Menopausal hot flashes: mechanisms, endocrinology, treatment

J Steroid Biochem Mol Biol. 2014 Jul;142:115-20. doi: 10.1016/j.jsbmb.2013.08.010. Epub 2013 Sep 4.

Abstract

Hot flashes (HFs) are a rapid and exaggerated heat dissipation response, consisting of profuse sweating, peripheral vasodilation, and feelings of intense, internal heat. They are triggered by small elevations in core body temperature (Tc) acting within a greatly reduced thermoneutral zone, i.e., the Tc region between the upper (sweating) and lower (shivering) thresholds. This is due in part, but not entirely, to estrogen depletion at menopause. Elevated central sympathetic activation, mediated through α2-adrenergic receptors, is one factor responsible for narrowing of the thermoneutral zone.

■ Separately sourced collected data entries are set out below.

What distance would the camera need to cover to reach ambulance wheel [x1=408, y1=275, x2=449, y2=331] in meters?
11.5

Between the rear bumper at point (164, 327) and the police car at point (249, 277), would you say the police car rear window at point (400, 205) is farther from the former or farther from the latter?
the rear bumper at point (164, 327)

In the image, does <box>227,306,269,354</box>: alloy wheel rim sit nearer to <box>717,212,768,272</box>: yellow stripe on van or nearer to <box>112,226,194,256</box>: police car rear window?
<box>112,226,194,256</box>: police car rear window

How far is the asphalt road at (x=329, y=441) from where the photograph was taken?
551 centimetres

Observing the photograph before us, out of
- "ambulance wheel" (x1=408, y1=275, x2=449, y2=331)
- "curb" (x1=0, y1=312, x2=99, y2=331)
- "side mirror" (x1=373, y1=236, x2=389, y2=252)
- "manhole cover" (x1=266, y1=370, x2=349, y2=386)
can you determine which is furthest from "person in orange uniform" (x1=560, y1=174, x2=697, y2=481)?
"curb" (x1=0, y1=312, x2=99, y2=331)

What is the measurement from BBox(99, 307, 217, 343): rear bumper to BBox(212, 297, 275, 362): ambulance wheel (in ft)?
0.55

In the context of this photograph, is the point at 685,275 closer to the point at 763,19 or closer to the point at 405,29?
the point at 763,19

Procedures which reduce this activation, such as paced respiration and clonidine administration, ameliorate HFs as will peripheral cooling. HFs are responsible for some, but not all, of the sleep disturbance reported during menopause. Recent work calls into question the role of serotonin in HFs. This article is part of a Special Issue entitled 'Menopause'.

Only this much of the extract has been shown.